What it takes to let agents touch enterprise data

The first version of our permission gating asked a human to approve nearly everything an agent did. Within a week people stopped reading what they approved. I watched it happen to us, the people who built the gate and should have known better. A rubber stamp is worse than no gate, because it launders responsibility while adding latency.

I keep that failure at the front of the file because it has the shape of most failures in this space: trust theater instead of trust. My job is making enterprises comfortable running AI agents against their operational data, and the meeting where that gets decided is security review. The reviewers never ask how good the model is. They ask what the agent can touch, on whose authority it acts, what happens when it goes wrong, and how anyone knows what it did. A model that’s wrong one time in a thousand is still wrong several times a day at enterprise volume, so “it is usually right” is not a control, and every question on their list is an architecture question.

What the agent can touch: the naive design gives agents access to shared infrastructure and constrains behavior with instructions. The design that works inverts it. Agents run in isolated, per-project workspaces, so the blast radius of an action is bounded before the action exists. This is the oldest idea in systems engineering, relearned for every new kind of compute: make the damage small, observable, and recoverable, and you stop needing to trust the thing doing the acting.

On whose authority: an agent is never a principal. It acts for someone, and the system has to know who, all the way down, so an agent acting for a user can do exactly what that user could do and nothing more, with every action landing in the audit trail attributed to a person. The moment an agent acts as a generic service account, attribution dies, and the review fails.

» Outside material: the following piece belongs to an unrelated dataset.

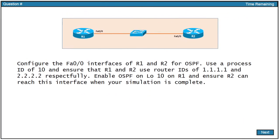So here is our simulation question. We're to configure the FastEthernet 0-0 interfaces of R1 and R2 for OSPF. We're to use a process ID of 10 and ensure that R1 and R2 use router IDs of 1.1.1.1 and 2.2.2.2 respectively. We're to enable OSPF on loopback 10 on R1 and ensure R2 can reach this interface when our simulation is complete.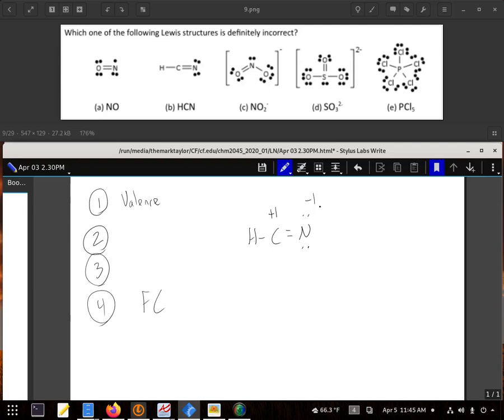Now, we can have negatives and positives right next to each other if need be, but we can make this one better by actually taking and moving a pair of those electrons off the nitrogen and sharing them. And HCN has a better Lewis structure looking something like that.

What happens when it goes wrong: assume it will, and make wrongness cheap. The gating asymmetry we landed on after the rubber-stamp episode is that reversible, contained actions proceed without ceremony, and anything that crosses a boundary or can’t be undone stops and waits for a person. The gate earns attention by firing rarely. Reliability turned out to be part of this question in a way I hadn’t expected: our first session handling treated interruption as an edge case, and a dropped connection could throw away an hour of agent work. A system that loses work trains its users to distrust it in ways no security document repairs.

How anyone knows what it did: I’ve come to treat the audit trail as the product. What the customer is buying is the ability to answer, months later, why something happened. The trail is also how you verify the isolation and attribution claims actually hold, instead of taking the architecture diagram’s word for it.

None of this is new. It’s the standard playbook of multi-tenant systems applied to a new kind of compute, which is exactly why it works on reviewers who have seen everything. When it holds, security review stops being where the deal dies and becomes the strongest meeting in the sale: the customer’s hardest people ask their hardest questions, and the answers hold. Enterprises don’t adopt agents because they’ve decided to trust AI. They adopt them when trust stops being required.